Greece’s Star Bulk Carriers has achieved impressive scale in the midsize bulkers market with its acquisition of Eagle Bulk Shipping, but that will not stop it from pouncing again on bigger tonnage.

That was the message from chief executive Petros Pappas in a conference call with equity analysts on Monday evening after Star’s roughly $500m all-stock merger with Connecticut-based Eagle.

Just don’t expect the next move to come right away.

“We think it will improve our performance on the smaller-sized vessels,” Pappas told researchers.

“This is a merger with a supramax company, but we don’t rule out mergers with companies that run bigger vessels in the future.”

But after Star Bulk’s latest in a series of all-stock consolidation moves over the years proved to be a large bite, perhaps the words “in the future” can be underlined.

Star Bulk president Hamish Norton provided that context: “We’re always looking at growth, but this is a meal we’re going to have to digest for a while. We don’t want to bite off more than we can chew, but I think over time we will try to grow.”

The acquisition creates the largest US-listed bulker company, with a fleet of 169 vessels and a market capitalisation of around $2.1bn.

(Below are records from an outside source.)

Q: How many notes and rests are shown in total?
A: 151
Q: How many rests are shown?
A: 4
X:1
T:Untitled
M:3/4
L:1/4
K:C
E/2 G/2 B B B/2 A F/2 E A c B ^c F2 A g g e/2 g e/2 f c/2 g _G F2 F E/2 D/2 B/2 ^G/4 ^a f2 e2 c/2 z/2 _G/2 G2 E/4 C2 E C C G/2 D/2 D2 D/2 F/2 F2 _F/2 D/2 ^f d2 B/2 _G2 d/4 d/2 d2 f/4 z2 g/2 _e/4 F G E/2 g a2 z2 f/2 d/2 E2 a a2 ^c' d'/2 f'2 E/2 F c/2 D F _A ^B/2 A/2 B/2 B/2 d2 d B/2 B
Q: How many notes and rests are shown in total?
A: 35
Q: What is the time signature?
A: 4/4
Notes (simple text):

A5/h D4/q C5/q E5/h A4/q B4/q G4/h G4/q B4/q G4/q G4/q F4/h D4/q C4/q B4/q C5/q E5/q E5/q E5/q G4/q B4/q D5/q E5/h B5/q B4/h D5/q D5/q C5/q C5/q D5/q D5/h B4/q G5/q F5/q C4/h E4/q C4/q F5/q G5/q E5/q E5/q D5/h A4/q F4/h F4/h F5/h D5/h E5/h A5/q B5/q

Each holder of an Eagle share will receive 2.6211 Star shares, with the $52.60 price paid a 17% premium to Eagle’s closing number of $44.85 per share on Friday.

Star holders will control about 71% of the combined company and Eagle 29%. The combined company will continue to be known as Star Bulk Carriers.

Star takes in Eagle’s 52 supramax and ultramax bulkers, one of the industry’s largest fleets in that size class, alongside the 28 it owns now.

Although no grand strategy changes are planned as a result of the overall combination, Star might move some way towards Eagle’s “active management” trading strategy in that sector, Pappas acknowledged.

“On the supramax side we may change our strategy and follow Eagle’s strategy, fixing more vessels on a voyage basis as well as a charter basis as we do today,” he said.

Eagle chief executive Gary Vogel offered his own view on the power of the combined fleets.

“As an active owner-operator, having more ships in a given area provides more opportunities for arbitrage: going from 52 to 80 ultramax and supramax vessels is really a step change,” he said.

In a question away from the operations sphere, Vogel was asked by analyst Omar Nokta of Jefferies how he thought two major Eagle shareholders who are also shipowners — Danaos Corp of Greece and Castor Maritime of Cyprus — would react to the deal.

Together the two own about 33% of Eagle. A simple majority of Eagle shareholders is required to approve the Star Bulk offer, and a vote is expected in the first half of 2024.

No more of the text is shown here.